UNITED STATES
SECURITIES AND EXCHANGE COMMISSION
Washington, D.C. 20549
FORM 8-K
CURRENT REPORT PURSUANT TO
SECTION 13 OR 15(d) OF THE
SECURITIES EXCHANGE ACT OF 1934
Date of Report (Date of earliest event reported):
June 7, 2005
Gables Residential Trust
(Exact name of registrant as specified in charter)
Maryland |
| 001-12590 |
| 58-2077868 |
(State or Other Jurisdiction |
| (Commission File Number) |
| (IRS Employer |
777 Yamato Road, Suite 510
Boca Raton, FL 33431
(Address of Principal Executive Offices) (Zip Code)
(561) 997-9700
(Registrant’s telephone number, including area code)
Check the appropriate box below if the Form 8-K filing is intended to simultaneously satisfy the filing obligation of the registrant under any of the following provisions (see General Instruction A.2. below):
o Written communications pursuant to Rule 425 under the Securities Act (17 CFR 230.425)
ý Soliciting material pursuant to Rule 14a-12 under the Exchange Act (17 CFR 240.14a-12)
o Pre-commencement communications pursuant to Rule 14d-2(b) under the Exchange Act (17 CFR 240.14d-2(b))
o Pre-commencement communications pursuant to Rule 13e-4(c) under the Exchange Act (17 CFR 240.13e-4(c))
ITEM 1.01. ENTRY INTO A MATERIAL DEFINITIVE AGREEMENT.
Agreement and Plan of Merger
On June 7, 2005, Gables Residential Trust, a Maryland real estate investment trust (the “Company” or “Gables”), and Gables Realty Limited Partnership, a Delaware limited Partnership (the “Operating Partnership”), entered into an Agreement and Plan of Merger (the “Merger Agreement”) pursuant to which a newly formed affiliate of Clarion Partners, LLC (“ING Clarion”), an indirect wholly owned subsidiary of ING Groep, NV (the “Acquiror”), will acquire Gables and its subsidiaries through the mergers of the Company and the Operating Partnership with merger subsidiaries of the Acquiror (the “Mergers”).
Pursuant to the terms of the Merger Agreement, each issued and outstanding common share of beneficial interest of the Company, par value $.01 per share (the “Common Shares”), will be converted into the right to receive $43.50 in cash, without interest.
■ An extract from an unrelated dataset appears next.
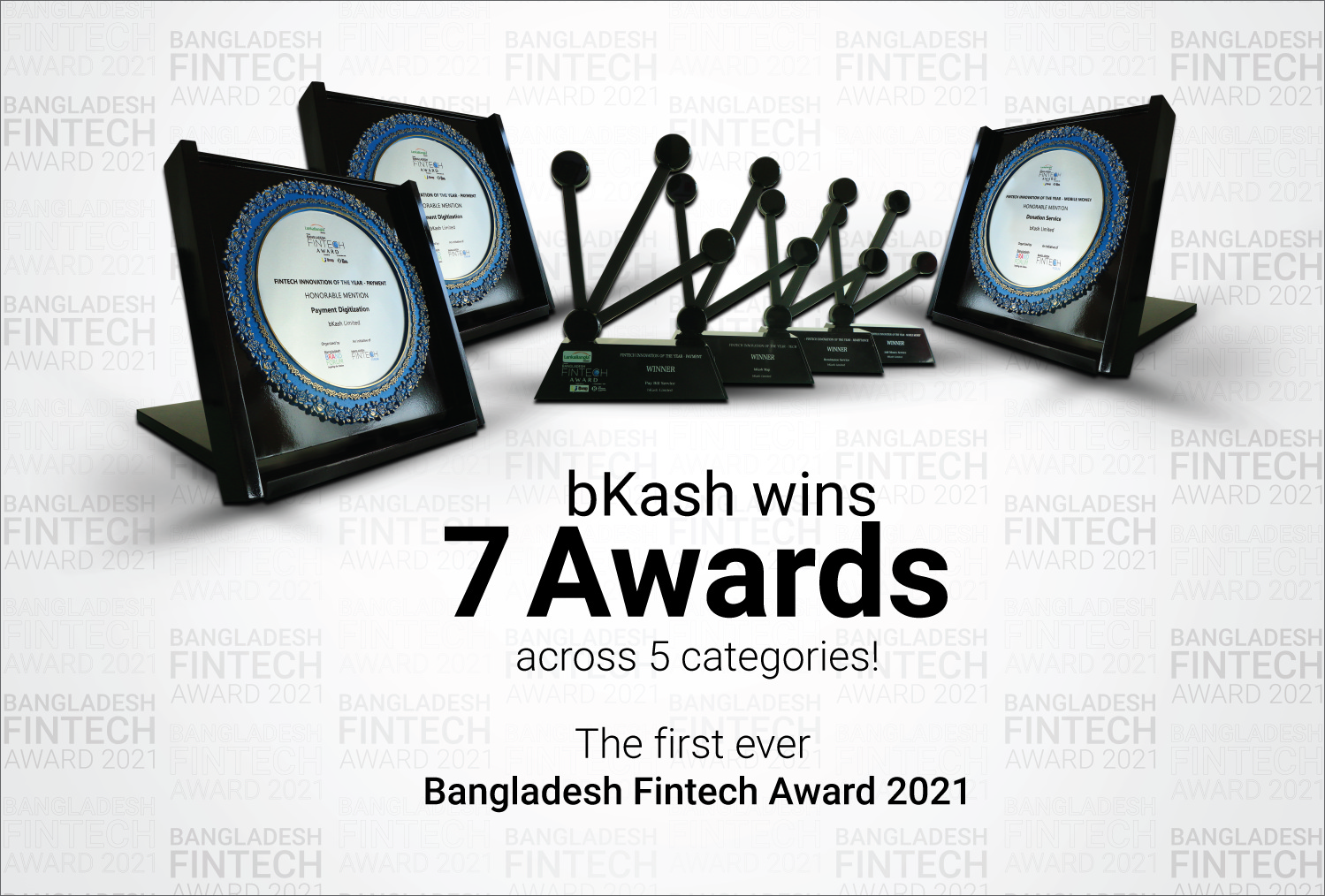 বাংলাদেশ ফিনটেক অ্যাওয়ার্ড-এ ৭টি পুরস্কার জিতে সেরা বিকাশ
Each common unit of limited partnership interest of the Operating Partnership (each, an “OP Unit”) will be converted into the right to receive (i) $43.50 in cash or (ii) if the holder of the OP Unit so elects, subject to certain conditions, one class A common unit of limited partnership interest (“Class A Units”) in the Operating Partnership. Each holder may elect to exchange its OP Units for all or any combination of cash and Class A Units. The elections to receive Class A Units are limited to a maximum of $75 million of OP Units and such elections are subject to a pro-rata cutback. The election to receive Class A Units also will depend upon the availability of an exemption from registration of the issuance of the Class A Units under the federal and state securities laws. The Class A Units will not be registered under the Securities Act of 1933, as amended, may not be offered or sold in the United States absent registration or an applicable exemption from the registration requirements and will have the rights and obligations set forth in an Eighth Amended and Restated Agreement of Limited Partnership of the Operating Partnership, which will be adopted pursuant to the Mergers. In addition, holders of Common Shares and OP Units will receive additional merger consideration that represents a pro-rata portion of the regular monthly dividend or distribution allocable to the month in which the Mergers are closed and will be based on the number of days having elapsed in such monthly period.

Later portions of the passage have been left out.